WHAT THIS STUDY ADDS

  • We demonstrated that providing adequate health education could reduce transport refusals, ambulance callbacks, and save resources. Thereby increasing the number of ambulances available to respond to other emergency calls.

HOW THIS STUDY MIGHT AFFECT RESEARCH, PRACTICE OR POLICY

  • Governmental (Hamad Medical Corporation Ambulance Service (HMCAS) and Hamad Medical Corporation Diabetes Center (HMC-DC)) and non-governmental (Qatar Diabetes Association (QDA)) organisations can complement each other in promoting better health, screening and disease prevention. This multisectoral approach is essential and creates a holistic patient experience.

Introduction

Diabetes is a global healthcare concern. According to the WHO, diabetes affects 442 million people worldwide, and it caused approximately 1.5 million deaths in 2019.1 Although it is a controllable chronic disease, its prevalence rate is nevertheless increasing with the number of diabetes-related emergencies, such as hypoglycaemia and diabetic coma, which can sometimes lead to a lethal outcome.2 3 In addition, research demonstrated that newly diagnosed patients with diabetes might suffer from depression, resulting in their unwillingness to access medical services.4–6 Most healthcare systems worldwide focus on managing in-hospital diabetic patients’ admissions7; little attention has been paid to prehospital emergency medical systems (EMS) that could control and help avoid diabetes-related complications. According to data on patients with diabetes in the US National Emergency Medical Services Information System database, in 2015, 13.9% of diabetes admissions in emergency departments were made by EMS.7 In Glasgow, Scotland, in 2019, around 40% of patients with diabetes attended to by ambulance services were referred to the hospital, and the callback rate was less than 5%.8 In another study in Scotland, 49.8% of patients with diabetes reported having had hyperglycaemic emergencies; further, treatment by paramedics in prehospital settings significantly helped manage it, reducing the conveyance to the hospital to around 39%.9 So far, no study has explored the non-conveyance of diabetes emergencies in prehospital settings in the Middle East and North Africa (MENA) region.

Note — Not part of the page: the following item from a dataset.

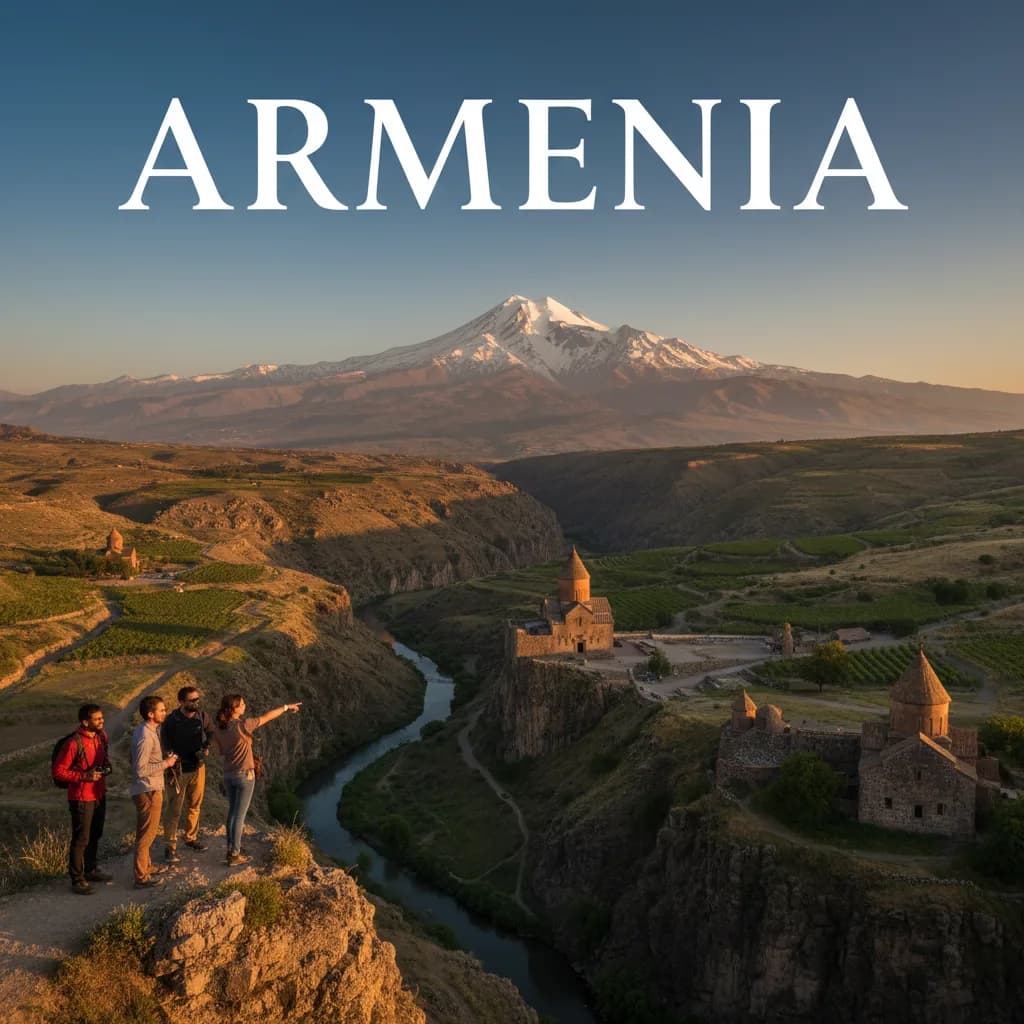 Escape games outdoor Armenia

By 2050, diabetes prevalence is predicted to increase to 24% among individuals aged between 45 and 54 years in Qatar.10 11 The HMCAS delivers prehospital emergency medical care when individuals in Qatar call 999. Once patients are medically stabilised, paramedics must transport them to an appropriate healthcare facility.12 13 The HMCAS’ ambulance response times are short and consistent with international standards.14 Thus, some patients refuse transport to the hospital after receiving on-scene emergency treatment but call back 999 with a similar complaint soon after. This could delay definitive medical care. Patients and paramedics in Qatar might not speak the same first language, creating a specific gap in providing concise and accurate advice about diabetes education. Additionally, the patient may fear the long waiting hours in the emergency department,15 of which increase the odds of patients refusing transport to the hospital.

Effective communication with patients in prehospital settings is challenging for prehospital healthcare providers, primarily because they are unable to provide proper and consistent medical advice.16 In 2016, 43.37% (N=504) of patients with diabetes treated by HMCAS refused hospital transport after receiving initial emergency medical treatment.17

Health education provided by prehospital medical staff to patients with diabetes needed to be enhanced.18 Diabetes education is essential for self-management and positive health-related outcomes.19 Therefore, training HMCAS paramedics to provide appropriate diabetes education could reduce the patients’ 999 callback rates, thereby reducing the demand on HMCAS resources.

We conducted a quality improvement (QI) study aimed at reducing callbacks to 999 by patients with diabetes who refused transport to the hospital within 72 hours after receiving emergency treatment by HMCAS paramedics. We hypothesised that if HMCAS paramedics could provide appropriate diabetes education to patients, it would reduce the occurrence of diabetes-related emergencies and consequently reduce their callback rates within 72 hours. This study used Quality Control Tools (QCT) to demonstrate the implemented interventions’ impact, understand process behaviour and identify potential solutions.20

Methods

Context

This QI study was part of the Clinical Care Improvement Training Programme (CCITP)21 organised by the Hamad Healthcare Quality Institute. The CCITP is a 4-month programme that builds knowledge among the healthcare staff about healthcare QI tools. Participants from different departments attended workshop sessions with online assignments alongside the CCITP improvement coaches and faculty, who guided the participants in conducting a basic QI project in their respective departments.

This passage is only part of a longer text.